Vuol dire che il lusso è parte integrante della Chiesa cattolica e della storia della Chiesa di Roma?
I paramenti ecclesiastici sono un ornamento, tipico della celebrazione di un rito, che rinvia alla liturgia. Basta visitare i musei diocesani sparsi in tutta Europa per constatare che sono colmi di oggetti sacri legati al culto ecclesiastico. Io sotto la veste cardinalizia indosso un abito laico. Nei primi secoli del Cristianesimo si celebrava in abiti normali. L’unico non ammesso era quello militare, su cui San Paolo costruirà la sua famosa metafora «Rivestitevi dell’armatura di Dio per resistere alle insidie del diavolo» (Lettera agli Efesini, cap. 6, ndr). L’abito liturgico è così ricco e sontuoso perché rappresenta la dimensione trascendente del mistero religioso, e cerca di ornare ciò che è divino con qualcosa di splendido e meraviglioso.
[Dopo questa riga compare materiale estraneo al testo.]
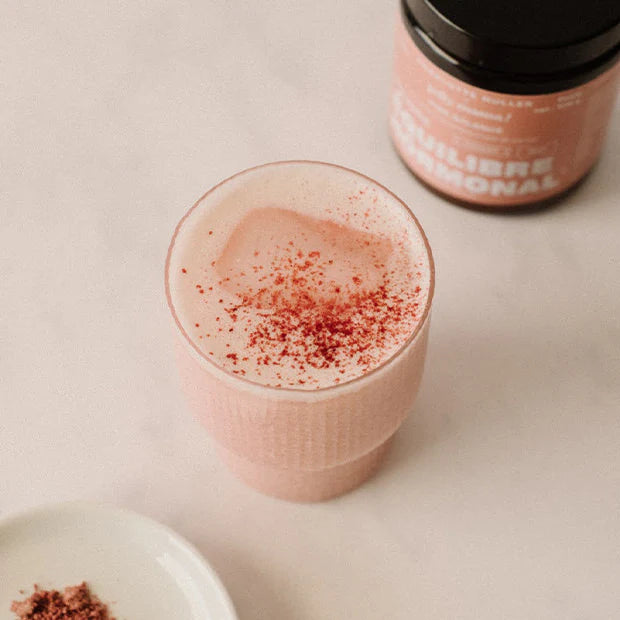 Poudre Pink Balance de Jolly Mama pour le dérèglement hormonal, diluée dans du lait et présenté dans un verre - Gapianne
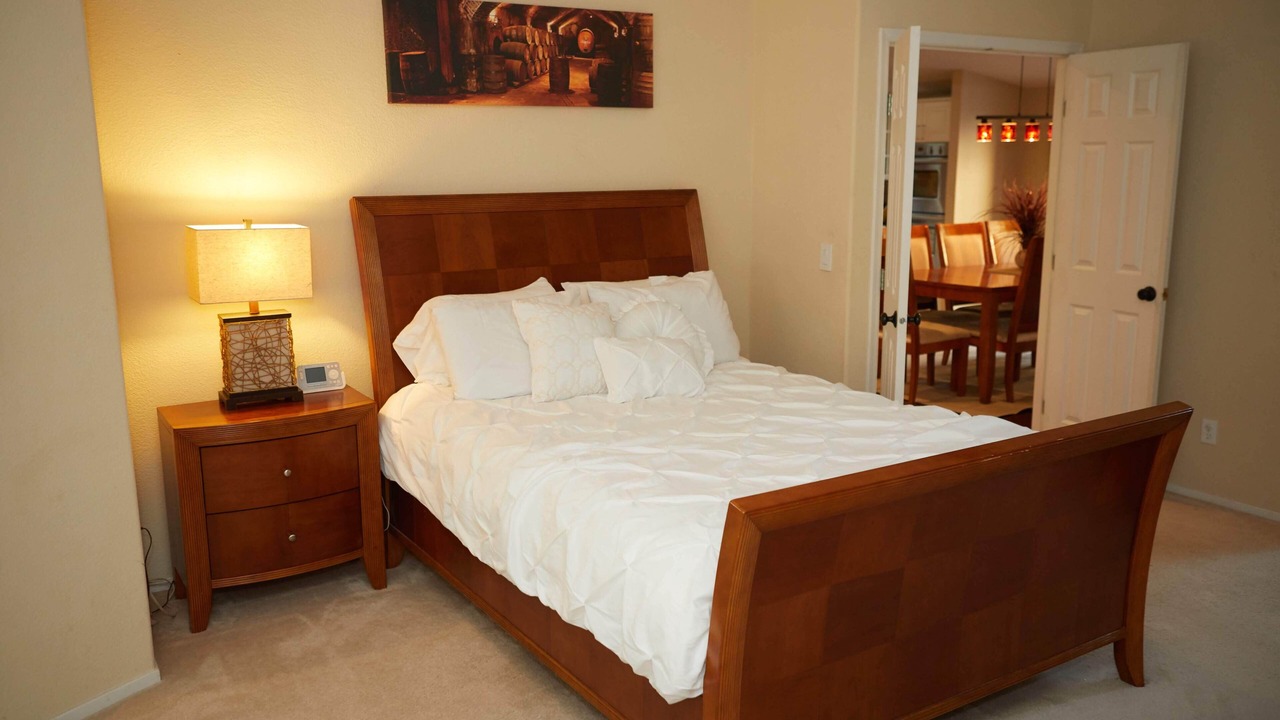 Photo of Bedroom in Cloverdale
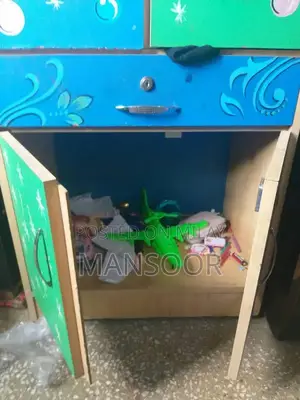 Photo - Single Wardrobe with Missing Keys, Good Condition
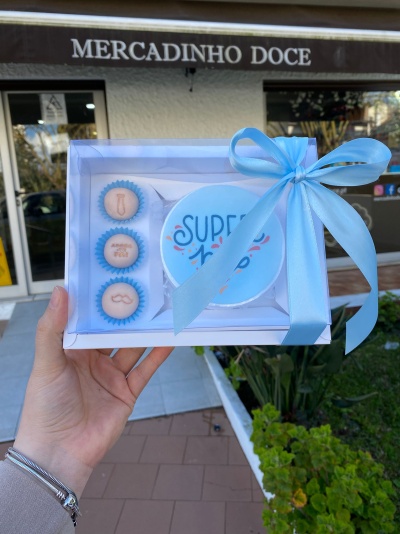 CAIXA ACETATO BENTO CAKE/3 BRIGADEIROS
In questo senso, la mostra al Metropolitan è espressione sociale della vita di un popolo e di una comunità. È esperienza culturale e al tempo stesso sacrale e religiosa.

Da alto prelato della Chiesa cattolica, lei davvero non vede incompatibilità tra l’alta moda e il messaggio del Vangelo?
Insisto, anche i paramenti più semplici possono testimoniare di un eccesso di lusso, della futilità e dell’inutilità proprie del lusso. Ma come nei paramenti ecclesiastici appare la sacralità della funzione liturgica, così negli abiti di lusso dell’alta moda appare una funzione simbolica che trascende la mera funzione del coprirsi.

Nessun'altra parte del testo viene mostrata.